Haviva Langenauer <havival@...>
Alex Bender found that the info on the gravestones of his ggmother and
ggrandfather indicates that each had a father named Moshe. He asks if
this is possible, or whether Moshe was used as a 'generic' name.
It is certainly possible that each one had a father named Moshe.
To the best of my knowledge, there is no such thing as a 'generic' name
used on a grave marker. Moshe was a very popular name in Jewish families.
He then went on to ask why he could not corroborate this with info on the
death certificate. Even though in each case the information came >from a
relative, who should have known the name of the father of the decedent,
the name Moshe was missing >from the death certificate. The informant
for a death certificate is often in a confused state of mind, having
recently experienced the death of a loved one. The answers which he
gives in filling out the death certificate may be incorrect or
incomplete, because of the deeply emotional time at which this is done.

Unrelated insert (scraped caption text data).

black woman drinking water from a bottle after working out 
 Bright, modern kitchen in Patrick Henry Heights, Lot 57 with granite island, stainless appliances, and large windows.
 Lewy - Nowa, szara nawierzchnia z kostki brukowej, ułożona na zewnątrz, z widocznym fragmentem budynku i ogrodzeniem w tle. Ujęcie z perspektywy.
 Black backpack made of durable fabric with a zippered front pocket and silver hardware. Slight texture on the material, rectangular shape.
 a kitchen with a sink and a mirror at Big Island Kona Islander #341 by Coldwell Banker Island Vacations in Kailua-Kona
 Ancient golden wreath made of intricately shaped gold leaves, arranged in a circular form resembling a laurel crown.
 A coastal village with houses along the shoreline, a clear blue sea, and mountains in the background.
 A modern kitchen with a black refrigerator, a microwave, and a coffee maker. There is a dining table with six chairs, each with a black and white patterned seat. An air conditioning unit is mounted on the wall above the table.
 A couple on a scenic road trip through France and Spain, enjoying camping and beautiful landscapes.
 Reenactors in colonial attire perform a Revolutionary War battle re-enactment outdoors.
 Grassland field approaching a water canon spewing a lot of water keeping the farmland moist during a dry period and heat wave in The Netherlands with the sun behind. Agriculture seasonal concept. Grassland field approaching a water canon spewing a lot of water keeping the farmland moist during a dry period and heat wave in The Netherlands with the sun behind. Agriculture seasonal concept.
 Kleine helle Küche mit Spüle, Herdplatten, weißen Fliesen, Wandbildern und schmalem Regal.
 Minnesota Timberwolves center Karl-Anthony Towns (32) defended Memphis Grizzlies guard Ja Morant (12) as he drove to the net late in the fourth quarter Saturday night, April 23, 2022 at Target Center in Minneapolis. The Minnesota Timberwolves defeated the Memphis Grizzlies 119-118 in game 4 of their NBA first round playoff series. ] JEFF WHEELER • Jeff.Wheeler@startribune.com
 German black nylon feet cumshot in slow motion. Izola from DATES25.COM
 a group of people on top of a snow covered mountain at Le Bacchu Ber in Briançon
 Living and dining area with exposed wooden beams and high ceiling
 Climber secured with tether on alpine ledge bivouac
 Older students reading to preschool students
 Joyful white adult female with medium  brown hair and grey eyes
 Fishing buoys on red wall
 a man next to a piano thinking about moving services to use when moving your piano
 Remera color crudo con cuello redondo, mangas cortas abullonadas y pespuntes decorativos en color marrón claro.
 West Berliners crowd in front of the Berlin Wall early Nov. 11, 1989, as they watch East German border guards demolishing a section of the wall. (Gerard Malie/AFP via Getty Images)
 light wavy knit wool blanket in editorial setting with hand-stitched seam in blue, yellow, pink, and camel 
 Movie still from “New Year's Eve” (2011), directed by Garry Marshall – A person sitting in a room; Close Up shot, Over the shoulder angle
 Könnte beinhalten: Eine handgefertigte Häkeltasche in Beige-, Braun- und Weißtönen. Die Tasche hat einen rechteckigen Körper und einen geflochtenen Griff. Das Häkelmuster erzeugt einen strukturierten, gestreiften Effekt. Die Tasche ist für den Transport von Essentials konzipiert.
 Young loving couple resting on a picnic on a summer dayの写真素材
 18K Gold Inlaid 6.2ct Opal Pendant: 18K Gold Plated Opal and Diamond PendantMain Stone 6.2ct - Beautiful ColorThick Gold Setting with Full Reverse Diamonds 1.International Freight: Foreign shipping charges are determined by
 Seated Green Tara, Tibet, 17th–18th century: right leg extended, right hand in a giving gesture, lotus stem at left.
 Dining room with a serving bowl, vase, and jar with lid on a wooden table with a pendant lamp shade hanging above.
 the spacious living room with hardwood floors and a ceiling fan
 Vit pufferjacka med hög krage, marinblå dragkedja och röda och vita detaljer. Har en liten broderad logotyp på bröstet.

There are many examples of mistakes found on death certificates in the
archives of JewishGen.
The information for the gravestone is usually provided at a time when the
family has recovered >from the emotion of the loss. They have time to
compose themselves and search out other sources to provide the correct
I would tell Alex that he should be happy that he was able to discover
the name Moshe on the gravestones.
A sad comment is that many Jewish cemeteries today restrict the
information which can be placed on the grave marker. Sometimes only
English is allowed. Our future genners will have a more difficult
time searching out info >from these sources. Perhaps we should be
careful about the purchase of this final piece of real estate that
we will acquire. Is is time to raise conciousness about this matter?